Media for Power Players: Reaching the Business Elite Audience

The American business elite are voracious consumers of all media, including business and niche publications, television programming, and Internet content, yet they are highly selective of how they are engaged with different media and the realm of influence per medium.

While some advertisers are interested in helping them with their personal assets--investing or spending on luxury goods--many others revere this group's influence on business spending. In the IT, financial services, and business world, they are most coveted of all audiences: the illustrious C-suite executives (the chief officers of an organization), senior decision-makers, and the heads of key functional areas that authorize and influence corporate purchasing choices and contracts.

Ipsos Media's subscription-based U.S. Business Readership Survey (USBRS) of top-tier executives from business, industry, and commercial organizations identifies the clout of this discerning market: the survey's projected universe of nearly 630,000 C-suite executives are making $1.29 trillion U.S. in business purchase decisions for business services, IT, telecommunications, financial services, insurance services, automotive, and office and industrial equipment, plus 6.3 million business air trips and 11.4 million hotel nights for themselves and their companies.

There are hundreds of media outlets and thousands of advertisers competing for the attention of these power players: few can afford any sort of blanket coverage, and no one can afford to be wasteful. Helping narrow the scope for media buyers, the USBRS database reveals which executives have the greatest sphere of influence, which media the business elite chose first, and which channels are their main information sources.

Tuning in

With the appeal of frequency and timeliness, execs choose network TV as their main source for U.S. news (29% of the projected C-suite universe) and political news (21%), and cable TV for international news (28%) and sports (28%). They turn on the TV first for breaking news (22% watch network news, 35% prefer cable for breaking news), entertainment news (28% tune in to network TV), and sports news (cable TV is the main sports information source for 29%). The Internet dominates for up-to-the minute news from the financial markets, as the web was execs first choice for keeping informed at work (55%).

Media that's on Target

Customizable, targeted, and niche media found on the Internet are the primary venues for this high-income market to get personal financial information (30% of the projected C-suite universe) and for after-work help (34%). The tailor-made advertising on the Internet is effective too: respondents were most likely to have visited a website after seeing an advertisement on the Internet (46%) and to have purchased a product after seeing an advertisement on the Internet (51%). It's not all business either: the number one monthly measured publication among business elite surveyed was Golf Digest.

In-Depth Insights

The business elite turn to national newspapers first for deeper understanding of the issues that matter to them, particularly financial and business news (18% of the projected C-suite universe), as they trust newspapers to have the best journalists (28%) and reliable reporting (23%). The Wall Street Journal is their top pick of the dailies (46%).

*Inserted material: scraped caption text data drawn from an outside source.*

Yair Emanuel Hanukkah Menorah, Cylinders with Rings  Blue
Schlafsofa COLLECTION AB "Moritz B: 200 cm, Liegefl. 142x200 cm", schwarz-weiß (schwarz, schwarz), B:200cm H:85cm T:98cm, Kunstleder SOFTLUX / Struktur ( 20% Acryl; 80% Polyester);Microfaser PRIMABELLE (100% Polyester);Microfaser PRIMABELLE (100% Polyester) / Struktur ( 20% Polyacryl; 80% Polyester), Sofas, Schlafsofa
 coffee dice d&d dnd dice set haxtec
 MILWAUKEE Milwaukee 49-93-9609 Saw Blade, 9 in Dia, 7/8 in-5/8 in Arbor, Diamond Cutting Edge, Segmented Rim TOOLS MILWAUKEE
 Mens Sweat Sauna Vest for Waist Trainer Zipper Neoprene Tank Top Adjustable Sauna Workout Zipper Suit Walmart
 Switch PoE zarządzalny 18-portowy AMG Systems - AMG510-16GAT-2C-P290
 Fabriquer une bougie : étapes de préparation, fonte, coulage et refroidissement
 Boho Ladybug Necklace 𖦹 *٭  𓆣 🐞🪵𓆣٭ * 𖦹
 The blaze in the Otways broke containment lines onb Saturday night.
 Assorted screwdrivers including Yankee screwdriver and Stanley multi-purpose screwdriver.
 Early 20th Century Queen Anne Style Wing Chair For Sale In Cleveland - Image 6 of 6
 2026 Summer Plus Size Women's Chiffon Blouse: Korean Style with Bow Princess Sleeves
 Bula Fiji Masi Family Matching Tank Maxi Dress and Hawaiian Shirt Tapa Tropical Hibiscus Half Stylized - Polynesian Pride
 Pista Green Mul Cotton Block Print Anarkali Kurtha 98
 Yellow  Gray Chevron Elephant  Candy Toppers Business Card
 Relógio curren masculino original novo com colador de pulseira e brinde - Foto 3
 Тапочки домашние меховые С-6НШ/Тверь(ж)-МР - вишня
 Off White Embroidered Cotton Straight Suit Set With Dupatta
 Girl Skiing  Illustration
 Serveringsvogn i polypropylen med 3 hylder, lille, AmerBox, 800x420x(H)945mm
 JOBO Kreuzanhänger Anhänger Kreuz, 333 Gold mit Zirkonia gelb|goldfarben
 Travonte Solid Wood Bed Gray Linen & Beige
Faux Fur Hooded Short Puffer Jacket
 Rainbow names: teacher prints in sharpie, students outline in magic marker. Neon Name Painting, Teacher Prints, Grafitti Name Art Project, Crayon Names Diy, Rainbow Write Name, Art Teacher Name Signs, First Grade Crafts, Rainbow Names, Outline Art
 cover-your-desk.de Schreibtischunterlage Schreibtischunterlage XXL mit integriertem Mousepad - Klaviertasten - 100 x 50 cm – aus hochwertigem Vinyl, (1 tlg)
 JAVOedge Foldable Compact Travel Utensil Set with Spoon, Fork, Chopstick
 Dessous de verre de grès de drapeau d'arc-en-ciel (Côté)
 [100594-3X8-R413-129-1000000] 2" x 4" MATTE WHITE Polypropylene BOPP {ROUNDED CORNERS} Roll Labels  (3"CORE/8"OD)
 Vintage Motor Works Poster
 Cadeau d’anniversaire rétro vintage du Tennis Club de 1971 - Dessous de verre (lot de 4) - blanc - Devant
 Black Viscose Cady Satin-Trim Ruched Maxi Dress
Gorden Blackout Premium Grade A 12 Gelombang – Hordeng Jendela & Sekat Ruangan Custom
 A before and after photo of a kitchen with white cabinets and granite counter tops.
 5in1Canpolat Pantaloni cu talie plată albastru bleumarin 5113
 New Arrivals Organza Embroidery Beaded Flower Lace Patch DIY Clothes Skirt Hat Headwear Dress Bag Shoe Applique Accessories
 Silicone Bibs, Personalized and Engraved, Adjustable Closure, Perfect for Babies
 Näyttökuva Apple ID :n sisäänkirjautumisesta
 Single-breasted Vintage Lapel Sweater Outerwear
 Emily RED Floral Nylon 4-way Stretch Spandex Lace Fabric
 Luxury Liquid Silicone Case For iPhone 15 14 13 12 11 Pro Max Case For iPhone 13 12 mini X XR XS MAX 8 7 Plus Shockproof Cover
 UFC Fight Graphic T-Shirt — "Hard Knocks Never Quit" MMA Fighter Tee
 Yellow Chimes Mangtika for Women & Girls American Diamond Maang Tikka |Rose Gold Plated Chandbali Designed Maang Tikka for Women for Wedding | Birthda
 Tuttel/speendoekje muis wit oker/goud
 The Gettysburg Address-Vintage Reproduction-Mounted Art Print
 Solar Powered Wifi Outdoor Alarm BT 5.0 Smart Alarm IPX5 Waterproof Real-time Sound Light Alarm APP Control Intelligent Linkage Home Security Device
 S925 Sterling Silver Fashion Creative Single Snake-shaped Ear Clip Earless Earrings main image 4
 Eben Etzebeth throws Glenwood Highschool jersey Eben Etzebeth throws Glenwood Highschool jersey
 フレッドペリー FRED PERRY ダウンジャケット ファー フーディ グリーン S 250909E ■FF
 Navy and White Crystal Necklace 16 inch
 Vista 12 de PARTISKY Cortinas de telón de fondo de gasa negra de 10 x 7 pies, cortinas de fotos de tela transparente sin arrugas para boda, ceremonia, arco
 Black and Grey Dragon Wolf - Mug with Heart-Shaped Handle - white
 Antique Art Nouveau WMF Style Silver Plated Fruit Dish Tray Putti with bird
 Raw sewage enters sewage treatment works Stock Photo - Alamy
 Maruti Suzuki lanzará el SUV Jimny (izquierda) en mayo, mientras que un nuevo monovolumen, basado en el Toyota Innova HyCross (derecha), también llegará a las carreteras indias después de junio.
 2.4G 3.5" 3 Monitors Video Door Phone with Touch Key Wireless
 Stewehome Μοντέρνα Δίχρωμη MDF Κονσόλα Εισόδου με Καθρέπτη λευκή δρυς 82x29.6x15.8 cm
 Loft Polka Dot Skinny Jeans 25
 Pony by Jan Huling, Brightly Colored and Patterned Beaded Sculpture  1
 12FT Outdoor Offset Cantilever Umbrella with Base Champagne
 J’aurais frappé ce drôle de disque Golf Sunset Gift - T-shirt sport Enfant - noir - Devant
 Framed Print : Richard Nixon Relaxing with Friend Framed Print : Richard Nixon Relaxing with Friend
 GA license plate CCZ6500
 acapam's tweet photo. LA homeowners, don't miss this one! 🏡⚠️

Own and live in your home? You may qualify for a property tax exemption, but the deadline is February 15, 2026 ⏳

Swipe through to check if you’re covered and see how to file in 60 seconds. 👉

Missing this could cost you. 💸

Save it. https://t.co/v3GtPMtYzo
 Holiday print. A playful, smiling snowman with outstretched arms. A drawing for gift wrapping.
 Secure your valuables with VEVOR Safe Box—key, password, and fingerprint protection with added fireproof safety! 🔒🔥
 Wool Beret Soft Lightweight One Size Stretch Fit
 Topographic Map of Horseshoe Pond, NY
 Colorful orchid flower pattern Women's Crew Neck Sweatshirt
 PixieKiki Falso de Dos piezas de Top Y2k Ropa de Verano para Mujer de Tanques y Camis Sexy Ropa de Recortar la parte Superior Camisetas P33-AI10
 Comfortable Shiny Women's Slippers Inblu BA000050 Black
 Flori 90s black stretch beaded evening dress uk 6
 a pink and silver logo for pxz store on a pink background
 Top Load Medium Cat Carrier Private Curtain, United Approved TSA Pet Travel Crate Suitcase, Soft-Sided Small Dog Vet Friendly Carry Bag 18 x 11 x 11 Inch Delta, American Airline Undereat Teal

For keeping abreast of technology, this group of decision-makers prefers business magazines (22%), such as weeklies BusinessWeek (20%), bi-monthly publications such as Fortune (18%) and Forbes (17%), and monthly publications like CFO (15%). Business magazines are also this group's primary resource for informative advertising (15%), general business help (32%), and information to manage their career development (29%).

The aforementioned results are only a fragment of the findings from the USBRS's robust database of annual syndicated media research--which includes readership reach, frequency, and value measurements for 52 titles, 10 channels, 85 programs, and 25 sites, questions on business travel and business activities, attitudes and ownership survey information--but they're a sample of what is provided to media planners to narrow the scope, enabling them to better target the desirable C-suite execs for their business-to-business clients.